Records excerpted from a collection:
========================================================================
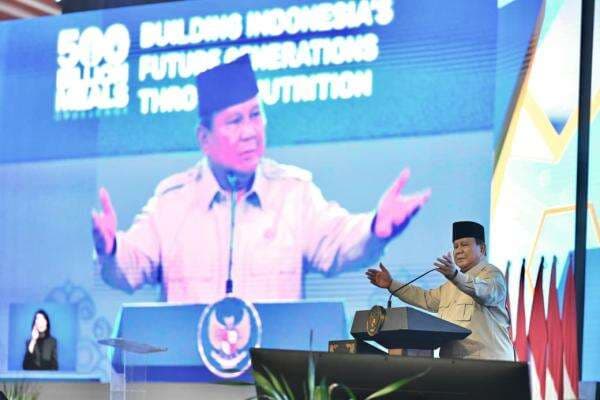 Prabowo Ingin Program MBG Bersih dari Korupsi Prabowo Ingin Program MBG Bersih dari Korupsi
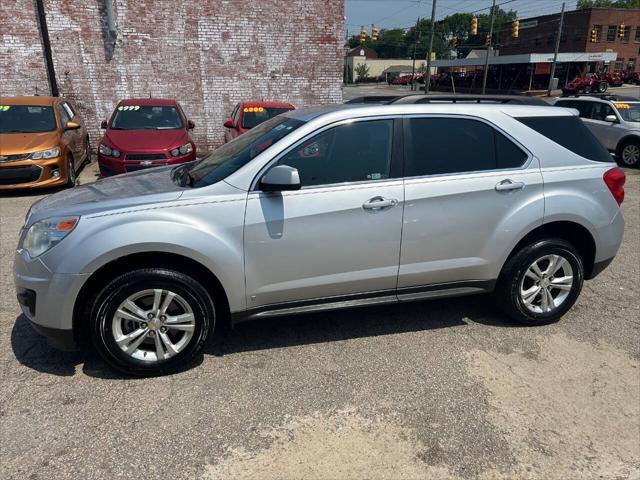 used 2010 Chevrolet Equinox car, priced at $5,500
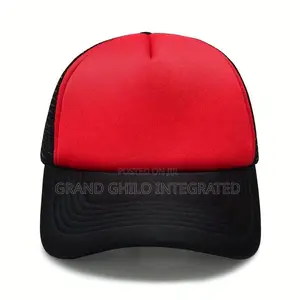 Two-Tone Trucker Hat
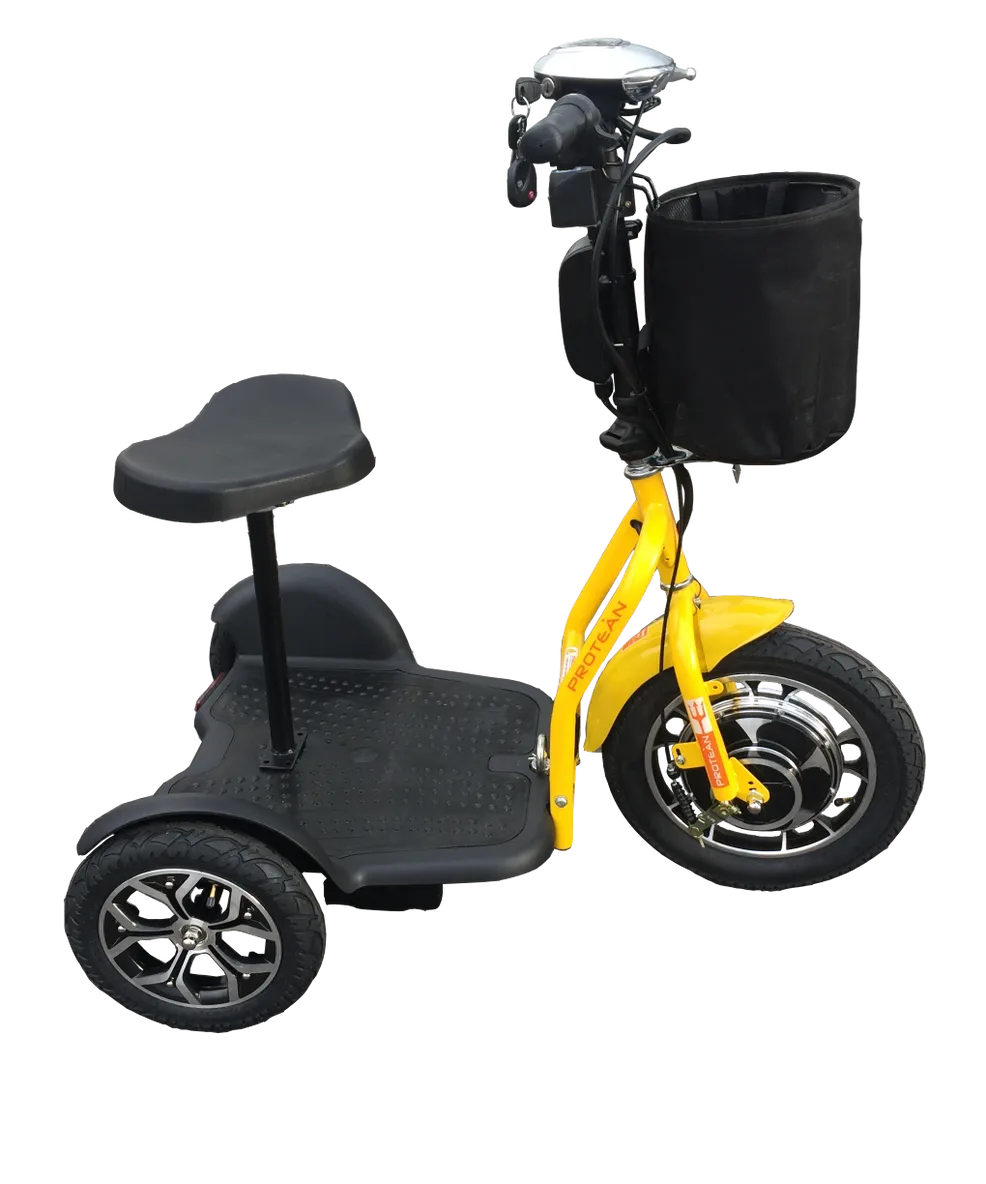 RMBEV Protean Folding Scooter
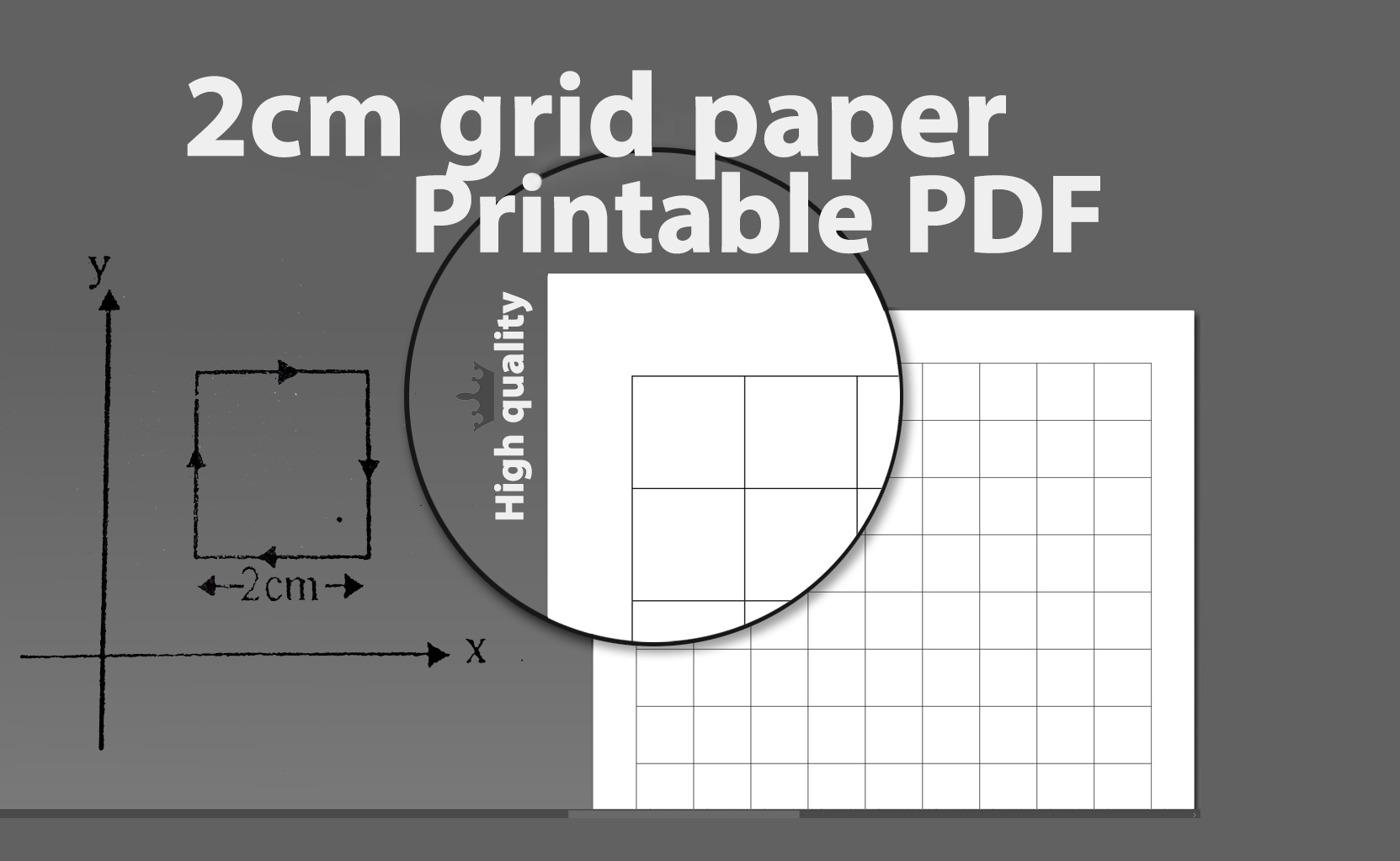 Centimeter Graph Paper Printable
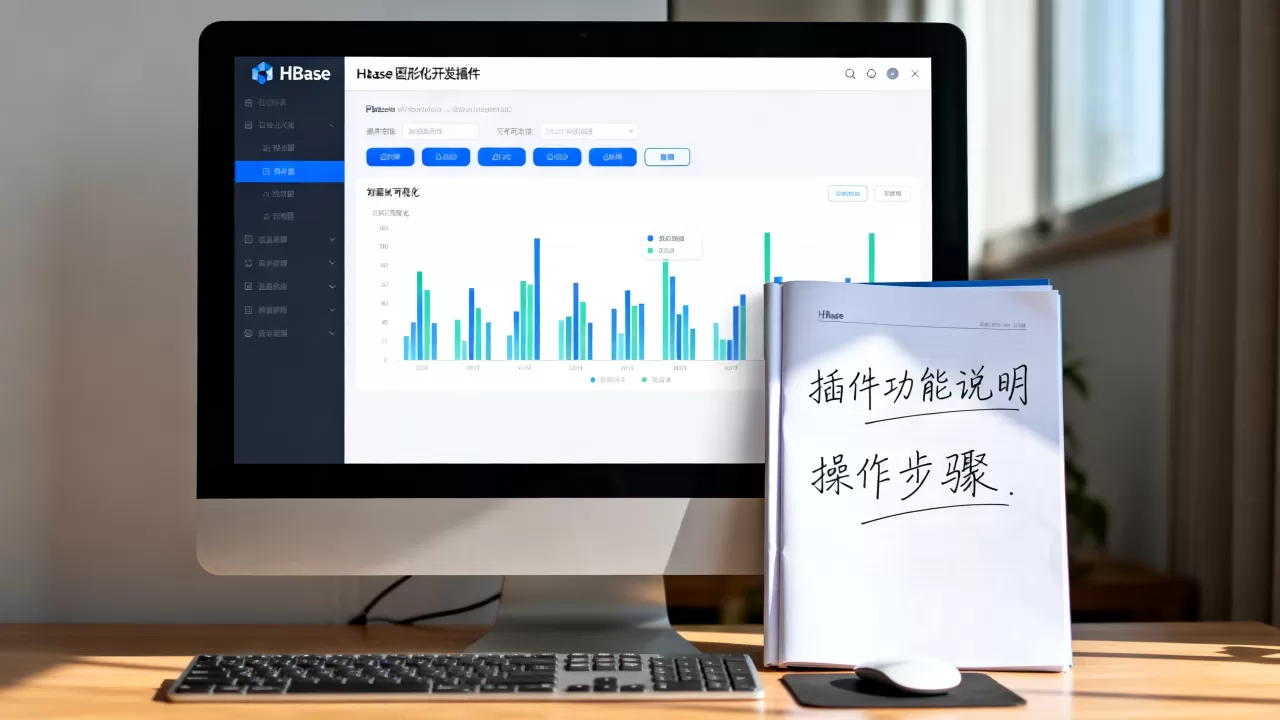 HBase图形化开发插件有哪些?,怎么用 HBase图形化开发插件有哪些?,怎么用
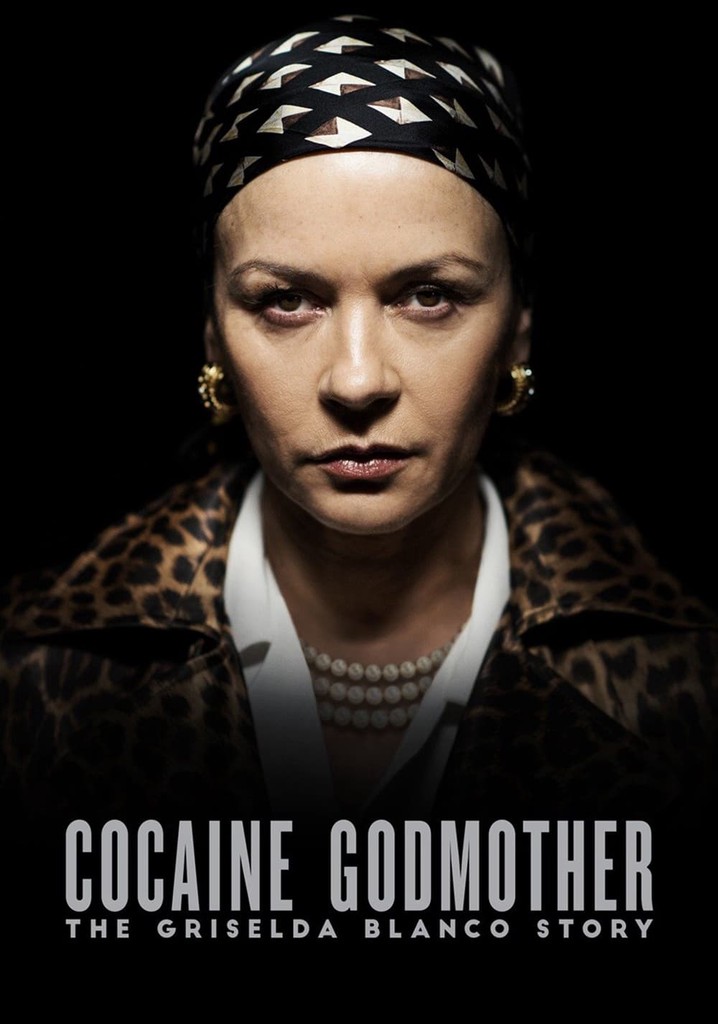 Cocaine Godmother poster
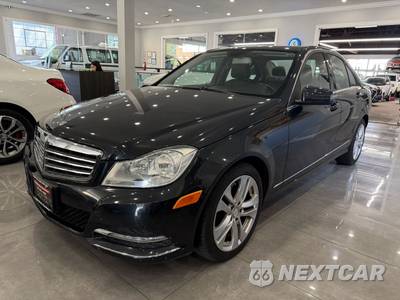 2013 Mercedes-Benz C 300 4MATIC Sedan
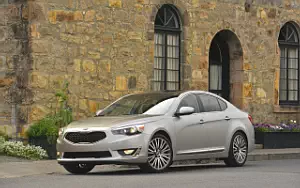 Cars wallpapers Kia Cadenza US-spec - 2013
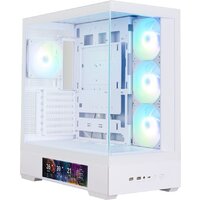 Корпус Zalman P40 DS (белый)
========================================================================
What needs to be done:
When you copy the entries above, reproduce each line exactly and leave out any pictures.

Expected output:
 Prabowo Ingin Program MBG Bersih dari Korupsi Prabowo Ingin Program MBG Bersih dari Korupsi
 used 2010 Chevrolet Equinox car, priced at $5,500
 Two-Tone Trucker Hat
 RMBEV Protean Folding Scooter
 Centimeter Graph Paper Printable
 HBase图形化开发插件有哪些?,怎么用 HBase图形化开发插件有哪些?,怎么用
 Cocaine Godmother poster
 2013 Mercedes-Benz C 300 4MATIC Sedan
 Cars wallpapers Kia Cadenza US-spec - 2013
 Корпус Zalman P40 DS (белый)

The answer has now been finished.